What you need to know about flying with your pets | Lifestyle.INQ

OCTOBER 27, 2022

Carina Noralyn Suarez with one of her rescue dogs: “It is important that you call the airline in advance to ask if they allow pets before booking your ticket.” —TRICIA GUEVARA
Carina Noralyn Suarez with one of her rescue dogs: “It is important that you call the airline in advance to ask if they allow pets before booking your ticket.” —TRICIA GUEVARA

The first time Carina Noralyn Suarez flew with her pets was in 2007, when she left her life in Japan and returned to Manila with her beloved Pomeranians Duchess and Princess. Since then, she has traveled with her multitude of dogs all over the Philippines and to Thailand, Italy and Korea, where they have competed and bagged awards in dog shows.

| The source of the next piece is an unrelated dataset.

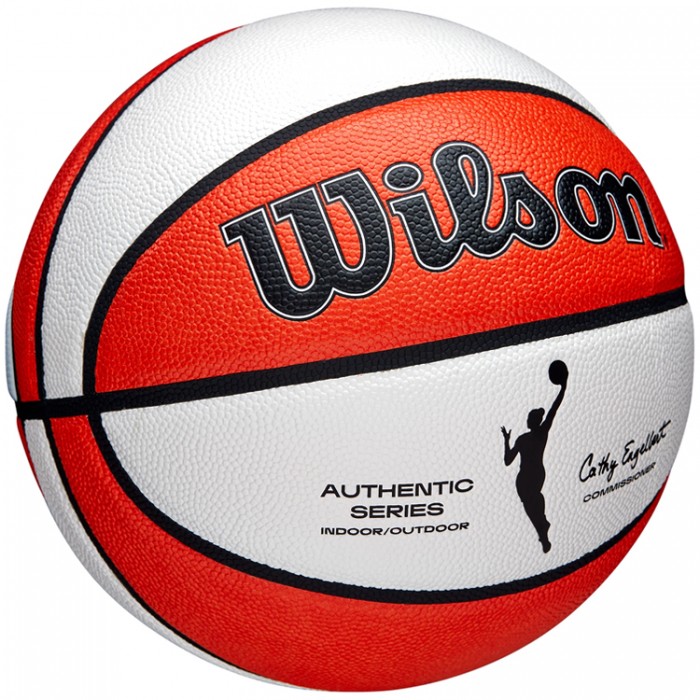 Minge basket Wilson NBA Authentic Indoor/Outdoor WTB5100XB06 - imagine №3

Suarez is now a top breeder of Poms and runs a shelter for rescue dogs and cats out of her home. She is also building a sanctuary for her rescues in Cavinti, Laguna, that she’s calling Mama’s Cradle. For this devoted animal lover, the comfort of her pets while traveling is of utmost importance.

“I prefer to check them in with me but it can be more costly than cargo,” she said. “Thai Airways is good with pets. Sadly, they no longer allow pets in the cabin. Korean Air still does. Delta allows only small pets in the cabin.”

Different airlines have different policies when it comes to pets. Some are friendlier than others.

Only as cargo

For many airlines, including Philippine Airlines and Cebu Pacific, animals can fly only as cargo. Both PAL and Cebu Pacific welcome service dogs in the cabin, with PAL allowing emotional support dogs to ride with their owners on flights to and from the United States.

PAL does not accept the transport of brachycephalic or snub-nosed dog breeds on all their flights, whether domestic or international, unless they are service or emotional support dogs that will be traveling with the passenger in the cabin. According to PAL’s pet policy, “These animals are susceptible to increased risk of heatstroke and breathing problems when exposed to stress or heat.”

On the company website, PAL lists 29 brachycephalic dog breeds including Shar-pei, pug, French bulldog, Shih Tzu, Rotweiller, Lhasa Apso, Chow-Chow and Pekingese.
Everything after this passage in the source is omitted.